Director Henry Selick at CalArts Last Week to Talk Animation

Writer-director-producer and CalArts alum Henry Selick (Film/Video MFA 77) returned to campus on Thursday morning for a visiting artist lecture before a crowd of rapt animation staff, faculty and students in the Bijou Theater.

While Selick gained notoriety for directing such animated feature films as The Nightmare Before Christmas and James and the Giant Peach, this past year, his work was finally recognized by his peers, earning an Academy Award nomination for Coraline. (He lost the Oscar, however, to fellow CalArtian Pete Docter for Up. )
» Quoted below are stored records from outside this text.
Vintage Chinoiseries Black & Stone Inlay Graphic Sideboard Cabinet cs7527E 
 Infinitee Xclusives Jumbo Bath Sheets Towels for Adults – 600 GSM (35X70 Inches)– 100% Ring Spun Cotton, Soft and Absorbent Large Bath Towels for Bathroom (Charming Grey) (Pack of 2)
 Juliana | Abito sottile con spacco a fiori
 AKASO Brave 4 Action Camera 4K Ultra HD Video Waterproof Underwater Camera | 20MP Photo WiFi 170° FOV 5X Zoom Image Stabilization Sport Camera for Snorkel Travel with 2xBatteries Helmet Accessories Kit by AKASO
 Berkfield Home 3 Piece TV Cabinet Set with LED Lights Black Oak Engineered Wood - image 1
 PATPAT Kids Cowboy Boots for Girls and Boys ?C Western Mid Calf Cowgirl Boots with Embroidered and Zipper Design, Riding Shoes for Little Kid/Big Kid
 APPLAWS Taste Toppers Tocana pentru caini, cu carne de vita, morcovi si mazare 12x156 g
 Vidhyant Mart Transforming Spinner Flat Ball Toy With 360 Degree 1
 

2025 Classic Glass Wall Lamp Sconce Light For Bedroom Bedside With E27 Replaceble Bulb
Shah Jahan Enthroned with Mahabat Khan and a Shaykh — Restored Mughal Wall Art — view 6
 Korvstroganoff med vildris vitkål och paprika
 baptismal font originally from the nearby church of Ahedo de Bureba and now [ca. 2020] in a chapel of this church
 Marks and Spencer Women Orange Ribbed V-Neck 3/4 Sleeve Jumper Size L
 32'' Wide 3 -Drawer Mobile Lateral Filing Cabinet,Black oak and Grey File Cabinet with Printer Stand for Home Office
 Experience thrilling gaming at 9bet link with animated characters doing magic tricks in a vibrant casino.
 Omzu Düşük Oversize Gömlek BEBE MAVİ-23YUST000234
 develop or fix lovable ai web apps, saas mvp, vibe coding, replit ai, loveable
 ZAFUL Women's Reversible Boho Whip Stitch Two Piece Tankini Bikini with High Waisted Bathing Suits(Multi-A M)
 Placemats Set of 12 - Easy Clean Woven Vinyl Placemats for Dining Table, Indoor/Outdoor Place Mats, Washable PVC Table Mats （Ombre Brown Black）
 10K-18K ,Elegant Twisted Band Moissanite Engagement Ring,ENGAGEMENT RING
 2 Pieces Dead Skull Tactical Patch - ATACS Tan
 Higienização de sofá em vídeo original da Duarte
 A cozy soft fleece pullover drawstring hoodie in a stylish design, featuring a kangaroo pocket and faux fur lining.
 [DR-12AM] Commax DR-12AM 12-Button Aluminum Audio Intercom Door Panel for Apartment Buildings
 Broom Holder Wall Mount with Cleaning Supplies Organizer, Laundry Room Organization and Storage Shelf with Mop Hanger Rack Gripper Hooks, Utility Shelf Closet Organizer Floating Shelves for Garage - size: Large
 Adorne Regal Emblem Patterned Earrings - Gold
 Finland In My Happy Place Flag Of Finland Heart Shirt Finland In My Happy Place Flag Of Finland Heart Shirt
During his introduction of Selick, Paul Vester, co-director of the Experimental Animation Program at CalArts, noted that while Selick was best known for his highly stylized, experimental stop-motion techniques, he was a student of varied animation interests. “Henry studied both character and experimental animation here. He held dual citizenship.”

The Bijou attendees were then treated to a reel of Selick’s work, which not only included film clips from Coraline, James and the Giant Peach, Monkey Bone, The Life Aquatic with Steve Zissou and The Nightmare Before Christmas, but also lesser-known commercial work. Many were surprised to see Selick’s stop-motion work in Ritz Bits commercials, Pillsbury Doughboy spots and numerous MTV station IDs ads from the late 80s and early 90s.

For the next hour, Selick spoke to students about how animation has changed throughout the years and how handmade movies fit into today’s digital age. He credited a film by another CalArtian as singularly changing the animation industry.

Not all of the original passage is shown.